ABD Özel Temsilcisi: “Ortadoğu'da Balkanlaşmayı biz yarattık”

06 Aralık 2025

ABD’nin Türkiye Büyükelçisi ve Suriye Özel Temsilcisi Thomas Barrack, Cuma günü yayımlanan kapsamlı bir şekilde, Birleşik Arap Emirlikleri merkezli IMI Media Group’a verdiği ve The National gazetesinin internet sitesinde yayımlanan röportajda konuştu.

YDH- ABD’nin Suriye Özel Temsilcisi Tom Barrack, The National gazetesine verdiği geniş kapsamlı söyleşide, Washington’un onlarca yıldır izlediği Ortadoğu politikasını yorumladı.

Barrack, Irak’ın parçalanmasından ABD’nin İran, Lübnan, Suriye ve İsrail’e yönelik tutumuna kadar uzanan analizlerinde, geleneksel diplomatik söylemin ötesine geçen açık ve doğrudan ifadeler kullandı.

Yanlış hesaplamalarla şekillenmiş Amerikan stratejisinin, bölge üzerinde hâlâ etkisi süren ağır jeopolitik sonuçlar doğurduğunu söyledi.

Irak’ı, “bir daha asla yapılmaması gerekenlerin en somut örneği” olarak niteleyen Barrack, süreci yüksek maliyet, siyasal bölünme ve İran’ın güç kazanmasıyla sonuçlanan bir hata zinciri olarak özetledi:

“Yaklaşık üç trilyon dolar harcandı, 20 yıllık felaket bir tarih yaşandı, birkaç yüz bin insan hayatını kaybetti ve sonunda ortada hiçbir şey kalmadı.”

Barrack’a göre ABD, Sünni-Şii-Kürt ayrışmalarıyla şekillenen Irak gerçekliğine “cumhuriyet benzeri” bir model dayatmaya çalıştı; bu girişim ise kısa sürede Balkanlaşmaya yol açtı:

“Bir tür Bağdat federalizmi kuracağız dedik; ardından özerk bir Kürt devleti yarattık.
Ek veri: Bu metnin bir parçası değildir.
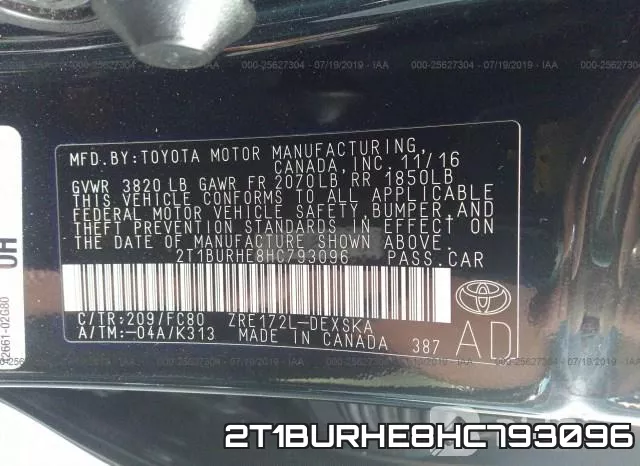 2T1BURHE8HC793096 фото 10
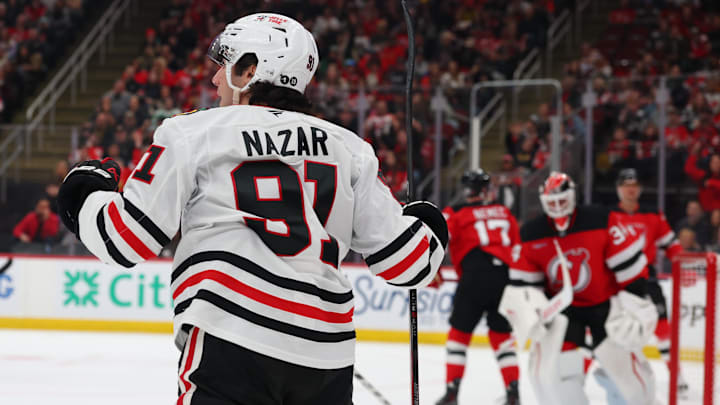 Mar 29, 2026; Newark, New Jersey, USA; Chicago Blackhawks center Frank Nazar (91) celebrates his goal against the New Jersey Devils during the first period at Prudential Center. Mandatory Credit: Ed Mulholland-Imagn Images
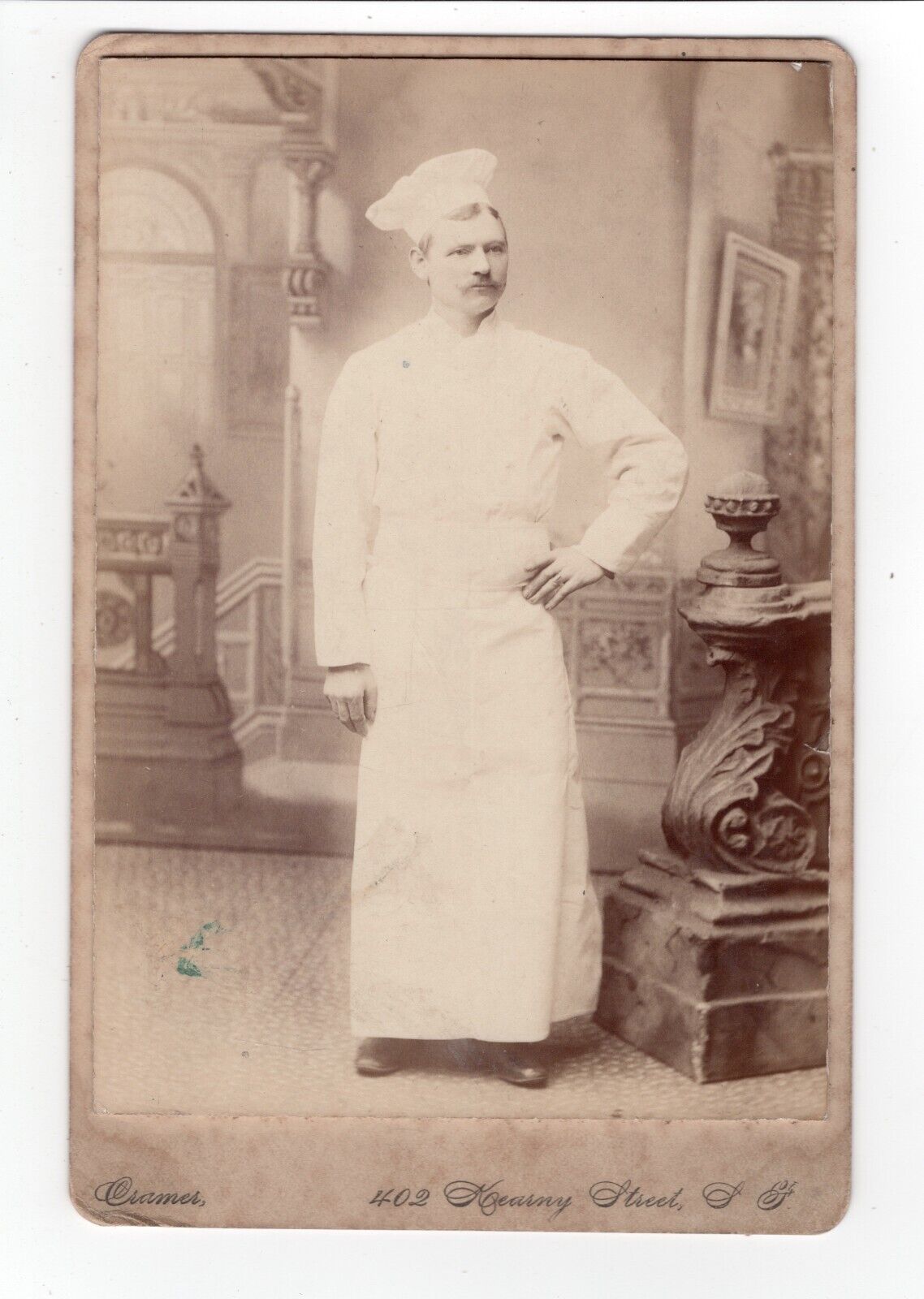 Antique Cabinet Photo Man Chef Uniform Occupational San Francisco 1870s RARE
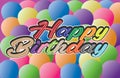 Colorful happy birthday text wishes with colorful ballon background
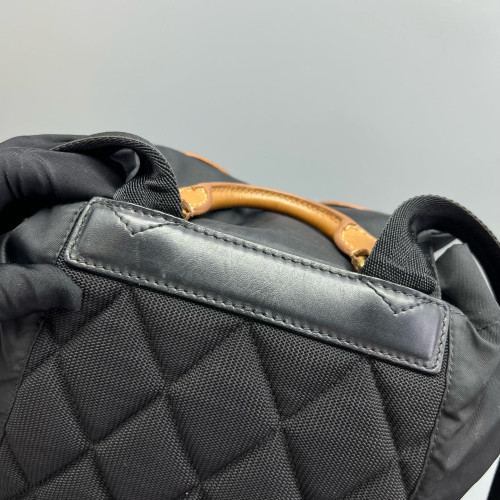 Burberry Medium Rucksack Backpack Nylon Calfskin Black Brown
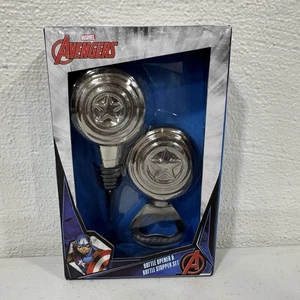 Captain America Bottle Opener Stopper Set Avengers Gift NIB - Picture 1 of 7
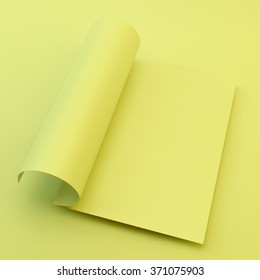 Textbook, Booklet or Notebook Mockup. Blank page template for design layout. 3d vector illustration. A4 business blank.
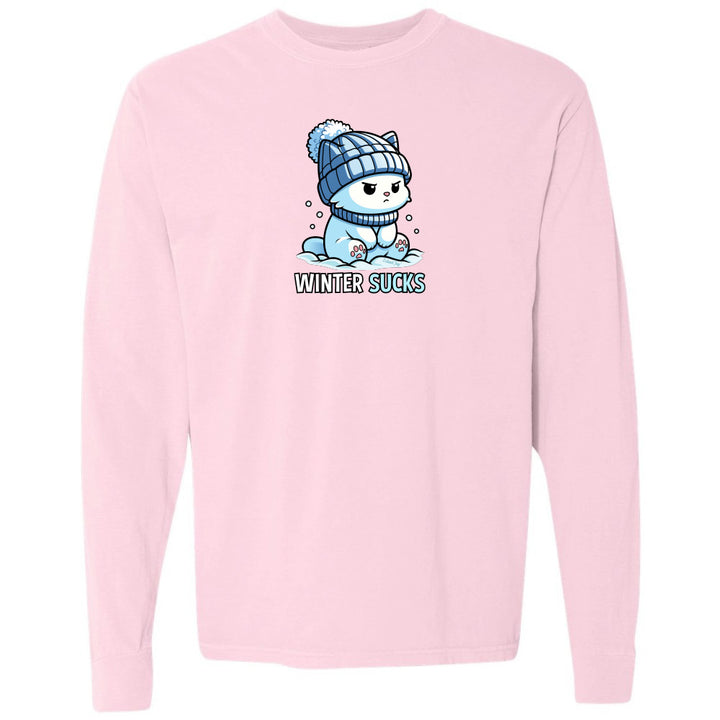 Pink sweatshirt with a cartoon character and 'Winter Sucks' text on a white background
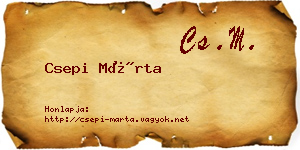 Csepi Márta névjegykártya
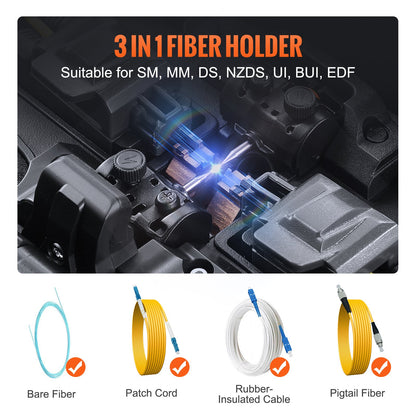 Fiber Fusion Splicer 6 Motors, Core Alignment Fiber Optic Splicer 6s Splicing & 13s Heating, Fiber Splicer Machine with 5" Touch Screen, 3 in 1 Fiber Holder, 7800mAh Battery for SM MM DS NZDS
Suriye’de de SDG ve YPG ya da PKK üzerinden benzer bir yapı oluşturduk. Ortaya Yugoslavya benzeri bir Balkanlaşma çıktı.”
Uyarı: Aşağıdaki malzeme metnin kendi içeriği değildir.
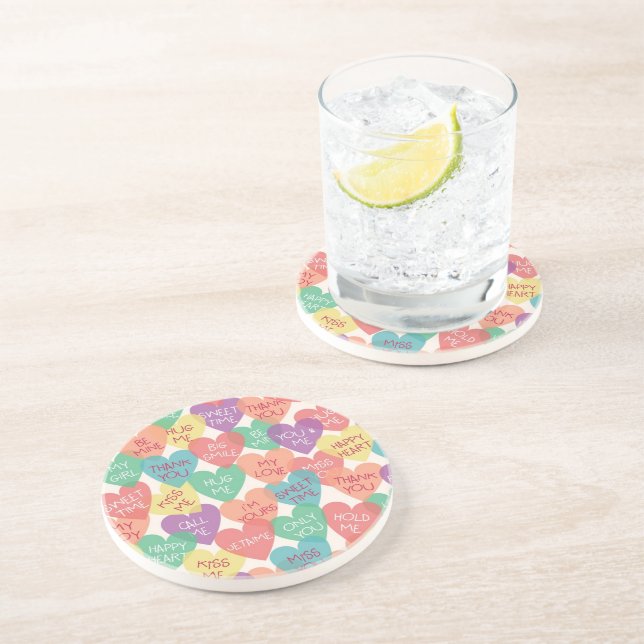 Love Shape Background Coaster (Side)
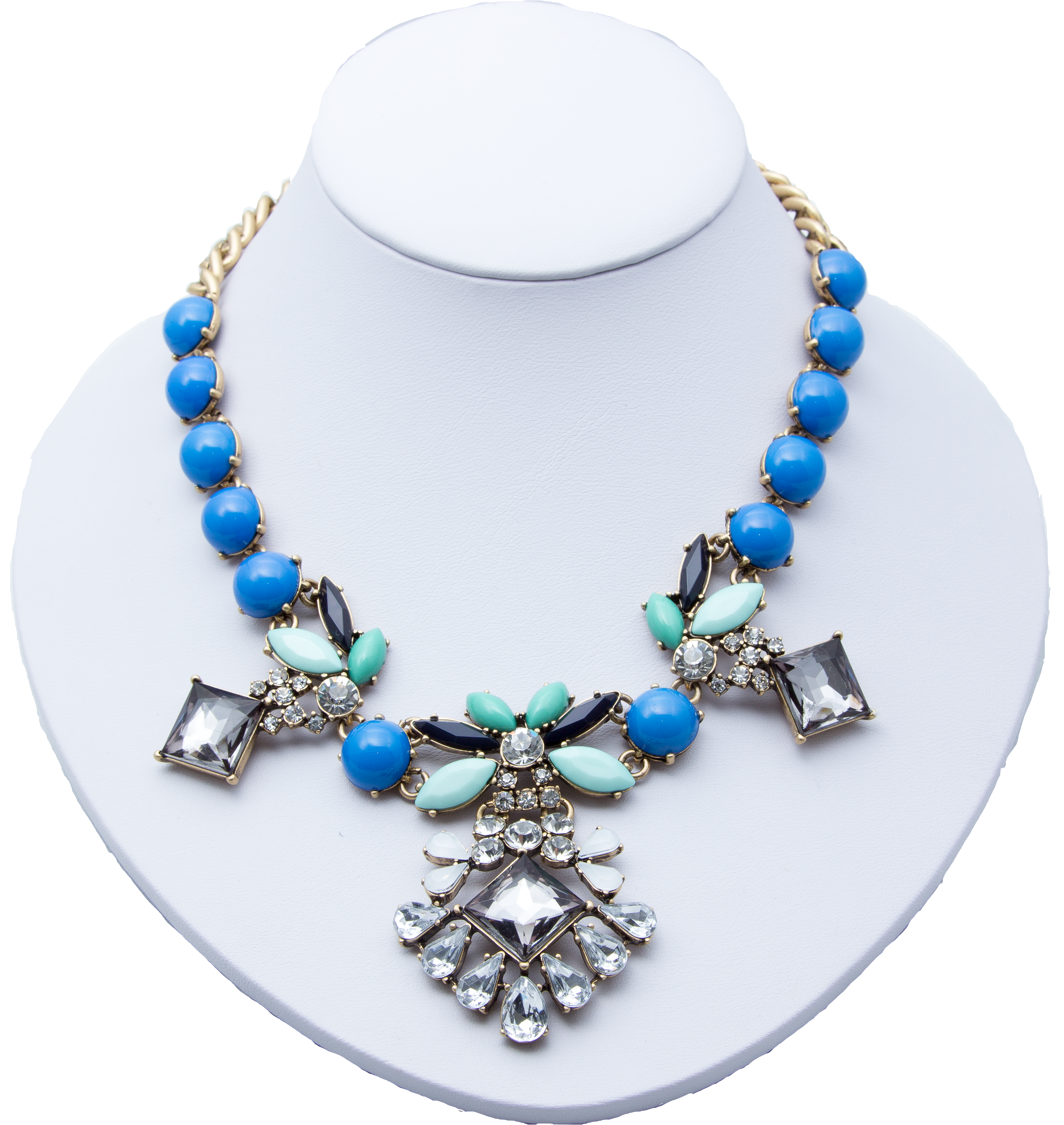 Dangling Stone and petal Necklace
Bu parçalı düzenin İran için elverişli bir boşluk yarattığını vurgulayan Barrack, “İran bu boşluğu doldurdu. Milislerin fiilen parlamentonun üzerinde güç sahibi olduğu, çarpık bir yapı kurduk” dedi.
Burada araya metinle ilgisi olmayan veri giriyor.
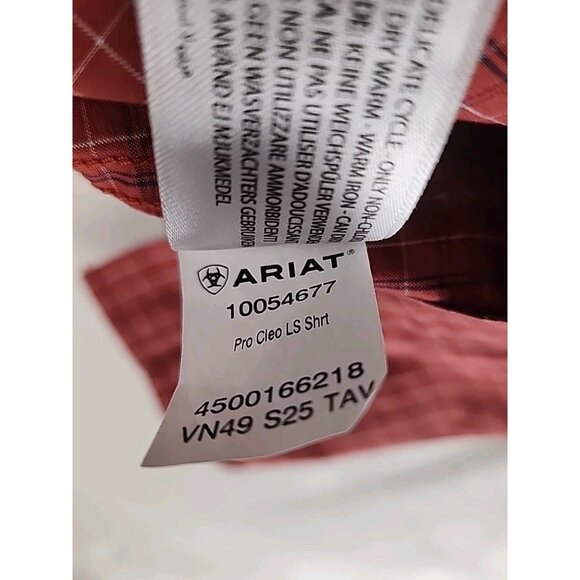 Ariat Pro Series Shirt Mens Red Check Western Cowboy Long Sleeve Button Down - Picture 7 of 14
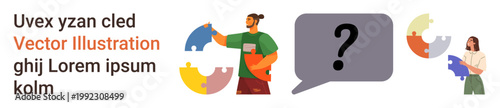 Collaboration, communication, problem solving, teamwork, idea sharing, brainstorming. People holding colorful puzzle pieces and a speech bubble with a question mark. Collaboration and communication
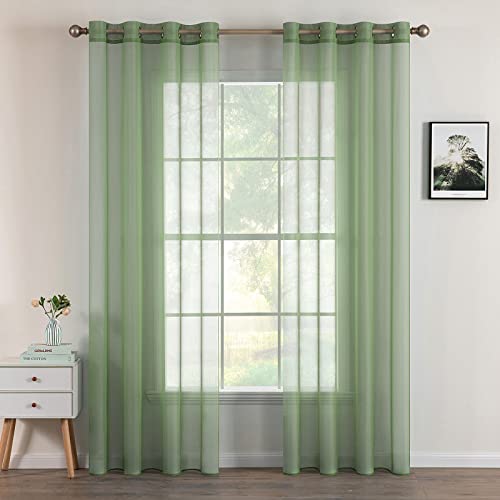 MIULEE 2er Set Voile Vorhang mit Ösen Transparente Gardine aus Voile Polyester Ösenschal Transparent Wohnzimmer Luftig Dekoschal für Schlafzimmer Grau Grün 245 x 140cm H x B, Grommet Top von MIULEE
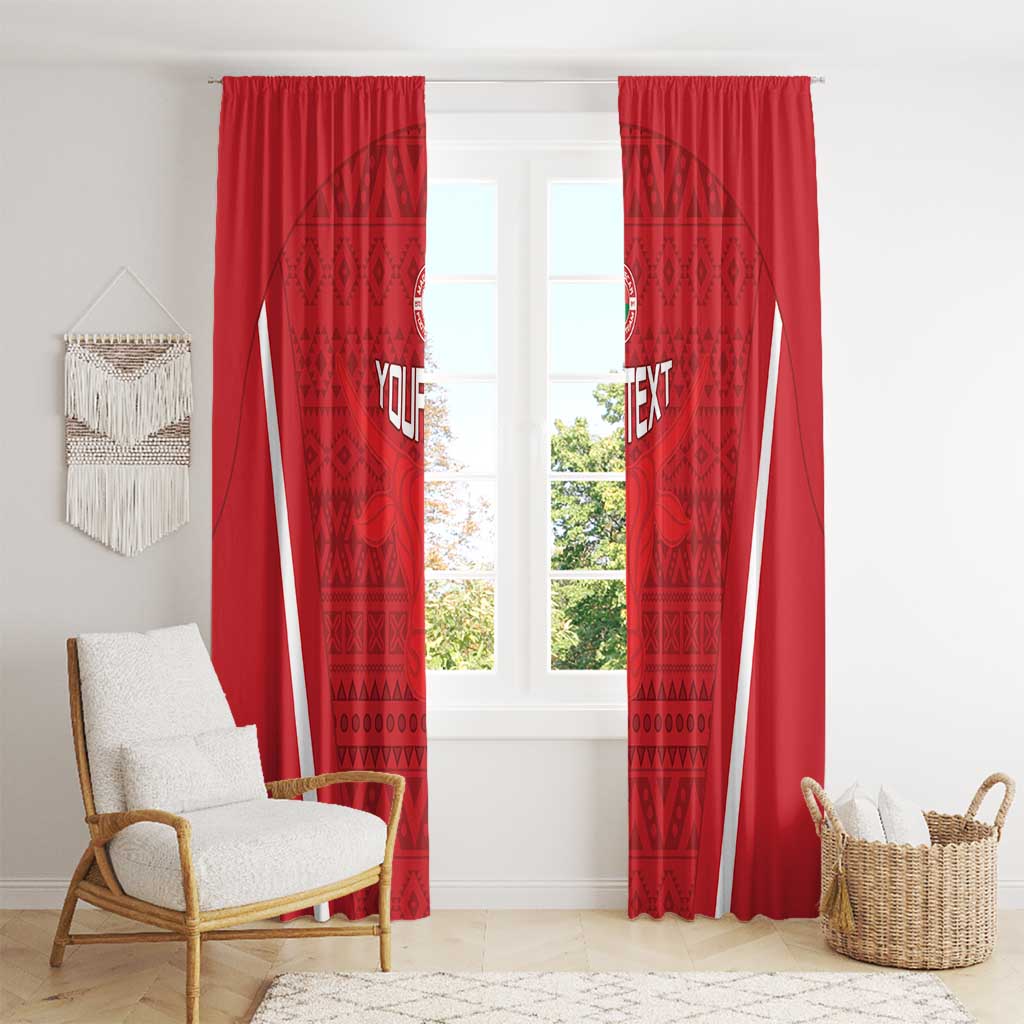 Custom Madagascar Football Window Curtain Go Barea Go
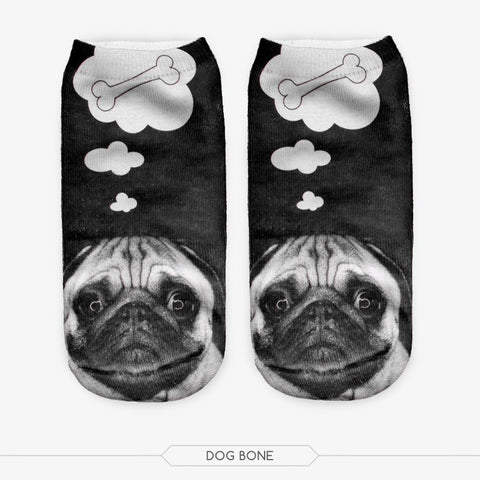 3D Cute Lovely Pug Dog  Animal  Printed socks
Irak Başbakanı Muhammed Şiya es-Sudani’ye ilişkin değerlendirmelerde de sistem eleştirisini sürdüren Barrack, Sudani’yi yetkin bir lider olarak tanımladı ancak etkin biçimde yönetmesine fırsat tanınmadığını söyledi:

“Çok iyi bir başbakan ama sıfır gücü var. Koalisyon kuramıyor; çünkü Haşdi Şaabi ve benzeri unsurlar sahayı kilitlemiş durumda.”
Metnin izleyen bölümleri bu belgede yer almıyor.